• **ABOUT THIS EXERCISE**
Lines before the one containing "Zwarte strik gastenboek" are left out; copy that line and every later line through the end of the data exactly.

• **DATA PROVIDED**

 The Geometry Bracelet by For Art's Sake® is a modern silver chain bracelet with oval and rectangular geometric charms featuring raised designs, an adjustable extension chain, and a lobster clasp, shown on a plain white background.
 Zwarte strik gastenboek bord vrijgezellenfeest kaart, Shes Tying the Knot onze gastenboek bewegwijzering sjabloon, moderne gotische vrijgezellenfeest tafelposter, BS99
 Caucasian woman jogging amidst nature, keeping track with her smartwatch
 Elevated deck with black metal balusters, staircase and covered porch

• **TASK RESULT**
 Zwarte strik gastenboek bord vrijgezellenfeest kaart, Shes Tying the Knot onze gastenboek bewegwijzering sjabloon, moderne gotische vrijgezellenfeest tafelposter, BS99
 Caucasian woman jogging amidst nature, keeping track with her smartwatch
 Elevated deck with black metal balusters, staircase and covered porch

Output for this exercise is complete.